Things might be about to get worse for Yousef and his family, who, along with about 1,200 other Palestinians, could soon be expelled from their lands.
On June 17, during the zenith of Israel’s war on Iran, the Israeli government submitted a letter, a copy of which has been seen by media, to the Israeli High Court of Justice that included a request by the army to demolish at least 12 villages in Masafer Yatta and expel the inhabitants.
The Israeli army argued that it has to demolish the villages to convert the area into a military “firing” or training zone, according to Palestinian and Israeli human rights groups.
However, a 2015 study by Kerem Novat, an Israeli civil society organisation, found that such justifications are a ruse to seize Palestinian land.
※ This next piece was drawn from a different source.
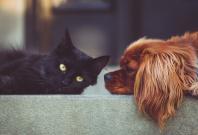 Is it safe to touch animals or them licking your hands after applying alcohol-based hand sanitiser? Is it safe to touch animals or them licking your hands after applying alcohol-based hand sanitiser?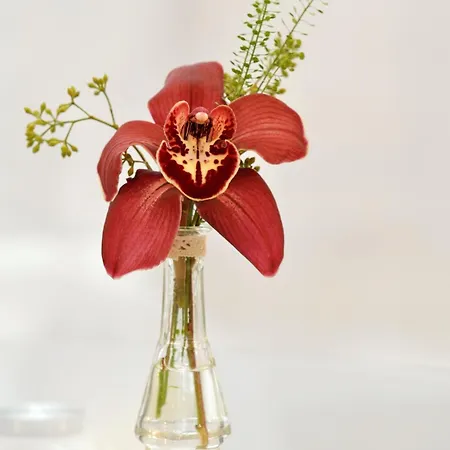 Atrium Center ホテル ブカレスト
From the time Israel occupied swaths of the West Bank in the 1967 war, it has converted about one-third of the West Bank into a “closed military zone”, according to the study.
And yet, military drills have never been carried out in 80 percent of these zones after Palestinians were dispossessed of their homes.
The study concluded that the military confiscates Palestinian land as a strategy to “reduce the Palestinian population’s ability to use the land and to transfer as much of it as possible to Israeli settlers”.
Yousef fears his village could suffer a similar fate following the state’s petition to the High Court.
Israeli courts have played a central role in rubber-stamping Israel’s policies in the occupied West Bank, described as apartheid by many, by approving the demolition of entire Palestinian communities, according to Amnesty International.
The communities currently at risk were first handed an eviction notice and expelled in 1999, and told that their villages had been declared a military training zone, which the army dubbed “Firing Zone 918”.
The army claimed that the herding communities living in this “zone” were not “permanent residents”, despite the communities saying they lived there long before the state of Israel was formed by ethnically cleansing Palestinians in 1948, an event known as the Nakba.
With little recourse other than navigating an unfriendly Israeli legal system to resist their dispossession, the communities and human rights lawyers representing them initiated a legal battle to stop the evictions in Israeli district courts and the High Court.
In 2000, a judge ordered the army to allow the communities to return to their villages until a final ruling was issued.
Human rights lawyers have since filed countless petitions and appeals to delay and hinder the army’s attempt to expel the villagers.
“The [Israelis]…have been trying to expel us for decades,” said 63-year-old Nidal Younis, the head of the Masafer Yatta Council.
Then, in May 2022, the High Court ordered the expulsion of eight Masafer Yatta villages. The court ruled that the inhabitants were not “permanent residents”, ignoring evidence that the defence provided.
“We brought [the court] artefacts, photo analyses and ancient tools, used by the families for decades, that were representative of permanent residence,” said Netta Amar-Shiff, one of the lawyers representing the villagers.